二つのプロポーズ 3
「見合い?冬海さんが?」
土浦から出た言葉を反芻した月森は、その思いがけない
言葉に眉を顰めた。
二人がやってきた喫茶店は割りと込み合ってはいたが、特に
待たされることもなく窓際の席に落ち着くことが出来た。
月森は腕を組んで向かい側に座る土浦を見つめると、土浦は
黙ったままぼんやりと目の前に置かれたコーヒーカップを見つめている。
月森は軽く溜息をついた。
「俺はてっきり、君と冬海さんは付き合っているものだと
思っていたが?」
月森の言葉に土浦はようやく顔を上げた。
しかし、その瞳は曇ったままだった。
「少なくとも俺もそのつもりだった・・・」
「毎日仕事が終われば一緒に帰ったし、食事もした」
「休日だって一緒に出かけたりしていたし・・・・」
「俺はその他大勢の人間にまで優しく出来るほど完璧じゃない」
「あいつだから・・・・あいつが特別だから優しく出来る」
「確かに言葉で想いを伝えた事はなかったかもしれない」
「でも、俺の行動や表情でわかってくれていると思っていた」
だからこそ、一緒にいてくれるのだと思っていたのに・・・。
ある日、冬海から出た言葉はそれを裏切るものだった。
(先輩、今まで甘えてばかりでごめんなさい)
(でも、もうそんなわけにもいかなくなりました)
(私、お見合いすることになったんです・・・・)
(相手は両親の知り合いの息子さんで。
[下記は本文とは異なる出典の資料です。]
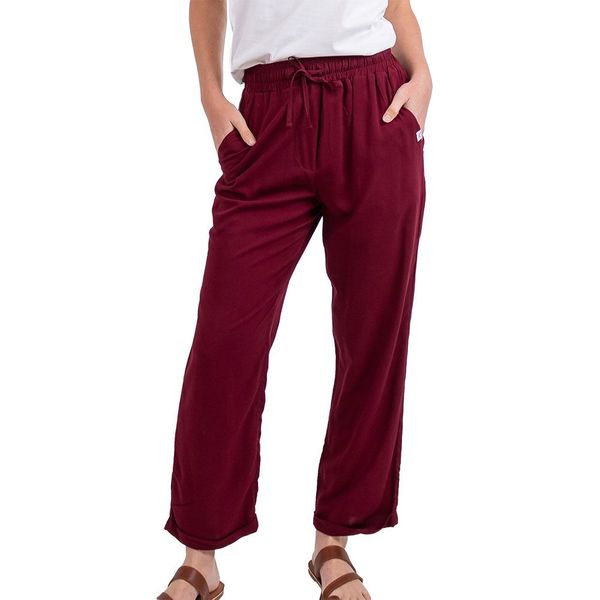 Hedgehogs-Womens-Iris Pant-Burgundy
私の両親もすごく
のり気で・・・)
落ち着いた声で淡々と話すあの日の冬海が目に浮かぶ。
「それで?慌てて自分もプロポーズしようと思い立ったわけか?」
月森の言葉に土浦はハッと我に返った。
「そこまで決心がついているのなら何を俺に相談する必要がある」
「うろうろせず、早く指輪を買って冬海さんの所に行ったらどうだ?」
高校の時から変わらず、まっすぐな瞳で見つめ返す月森に
土浦は力なく首を振った。
「ダメだ・・・」
「今回の見合いは笙子の両親から相手に持ち出した話なんだ」
「それを俺が行ってぶち壊したら両親の顔を潰す事になる」
「それに・・・笙子の為にも円満に両親に認めてもらいたい」
そう、映画の様に見合いの席から笙子を攫う事は簡単だ。
でもそうした後、笙子と両親の仲は険悪となってしまうだろう。
両親を大切に思い、また一人娘を愛しているあの両親の為にも
そんなことは絶対にしたくない。
そう思うと、折角ついた決心がぐらりと揺らぎ始める。
そんな時、やってきたのが月森だった。
月森も少し前に香穂子にプロポーズし、婚約したばかりだ。
本当は気軽にこんな事を話せるほど月森とは親しくない。
むしろ犬猿の仲だ。
だが・・・。
高校時代の学内コンクールの最中、互いにいがみ合いながらも
どこか自分と似たような部分があるのを感じていたのは事実だ。
それに・・・・。
(蓮はね・・・不器用なの)
(本当は優しいのにそれを表現をするのが下手なだけなの)
(一見人に対して厳しいようだけど、それ以上に自分には厳しくて、
でもそれを態度に見せないから誤解されちゃうんだよ)
いつの事だったか、香穂子が「ね?不器用でしょ?」と微笑み
ながら話していたのを思い出す。
眉根を寄せて不機嫌そうに向かい側に座る月森が、香穂子の
言う通りの人物だというなら案外心配してくれているのかもしれない。
だから、こんな馬鹿なことを聞く気になったのだろう。
「お前が俺の立場ならどうする?」
喫茶店の喧騒の中、二人の周りだけやけに静寂に
包まれているような気がする。
それだけ二人がお互いの言葉に集中しているということ
だろうか?
月森はゆっくりと口を開いた。
「愚問だな・・・」
「俺は香穂子を幸せに出来るのは自分だけだと信じている」
「そして、その権利を他の男に譲るつもりはない」
「状況なんて良くても悪くても後からいくらでも変わってくる」
「今はただ、後悔しないようにするだけだ」
紅茶の入ったティーカップを口に運んだ後、ソーサーに
戻しながら真っ直ぐな瞳を向ける。
僅かにその口元には笑みがあったような気がした。
「そんなことも解らないなんて、まったく冬海さんも良くこんな
男の傍にいられたものだ」
土浦は勢い良く椅子から立ち上がり、伝票を手に取った。
「いつもだったら言い返すところだが、今日のとこは辞めとくぜ」
「お陰で迷いも消えた。時間取らせた詫びに奢ってやるよ」
指に挟んだ伝票をひらつかせながら、土浦は出口へと
向かった。
「世話のかかる二人だな」
一人残された月森はそう呟いた後、ヴァイオリンを手にして
自身も喫茶店を後にした。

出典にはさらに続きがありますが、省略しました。